2006-12-24 22:33:32 | Weblog
 卒研の関係で今しゃかりきになって計算しているのだが、その昔ファインマンの書いていた言葉が時々頭をよぎって悲しくなることがある。まず、わたしのやっていることは一言で言えば、
「f(1),f(2),f(3),・・・が与えられていたとする。f(0)を求めよ。ただし、関数fの属するクラスはよくわからないので自分で調べろ」
となる。要は計算できる量と本当に欲しい量には少しギャップがあるので、そのギャップをずるして埋めましょう、という話になる。


 さて、一方でそのファインマンの言葉というのはこんなだ。

「暗いところで落とした鍵を探すことができないので、そこから離れた街灯の下を丹念に探す物理学者もいる」

はい左様でございますあっしは目がわるぅござんして・・・となってしまいそうだが、もう少し探したら、別の何かが見つかるかもしれないと思ってやっている。


 しかし、この比喩はなかなか言いえて妙だと思う。私はどこで鍵を落としたんだろう?そう問われたとき、四次元ポケットを通じて至る所ををまさぐるのが高エネルギーな話なんだろう。ドラえもんぐらいに(ドラえもんが一発変換できてちょっとうれしかった。)その扱いに熟達できると空も自由に飛べるのかな。そう思うと同時に、その一方で、ターゲットをぎりぎりと絞り込んで、お前を落とすためには、死なばもろとも!とやっていく物理もなかなかかっこいいと思う。そうだから、私は今こんな必死こいて勉強してるのかな。



 でも、いずれのタイプにしても、理系な人なら必ずすることがある。

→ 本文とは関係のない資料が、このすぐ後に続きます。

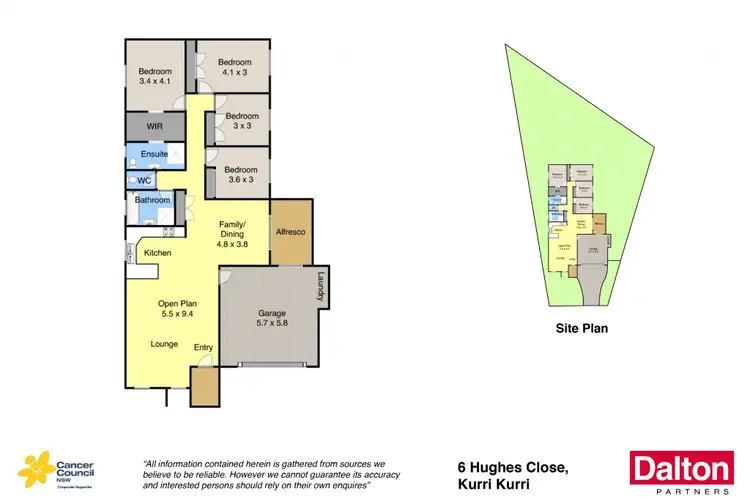 Floorplan of Homely house listing, 6 Hughes Close, Kurri Kurri NSW 2327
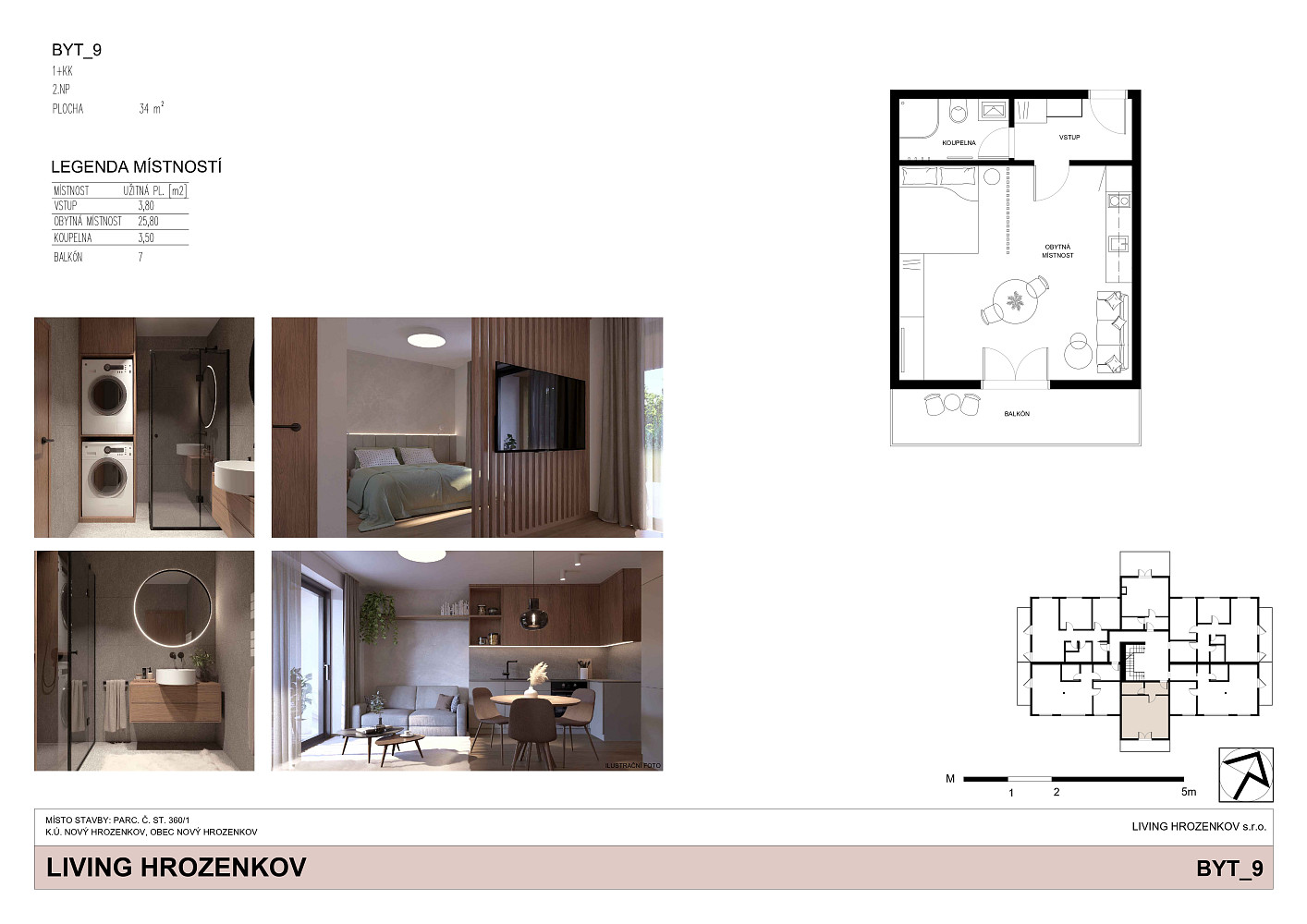 Prodej bytu 1+kk 34 m² – fotografie 2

それは、「○○が大きい・小さい」というとき、「何に比べて」と言うかどうか、という点。例えば、WKB展開はプランク定数が小さな値だから収束Tailor展開として意味を持つ、なんて記述を読んでしまったら、エクソシストを呼んで悪魔祓いをしてもらってから丁重に捨てたほうがいい。馬鹿やろう、単位のある量は常にその系の典型的な量との比較で大小がきまるのじゃ、と怒られてみんな大人になっていく。

 でも、そんな風に人間がちいさいのは理系だけ。例えばマイルス・デイビスは大きい。何と比べなくても大きい。志ん生もでかければタルコフスキーも大きい。(底が見えないのかもしれないし、ひょっとしたら其処にはないのかもしれない。オントロジーってやつぁ、あっしは不得手なもんで。)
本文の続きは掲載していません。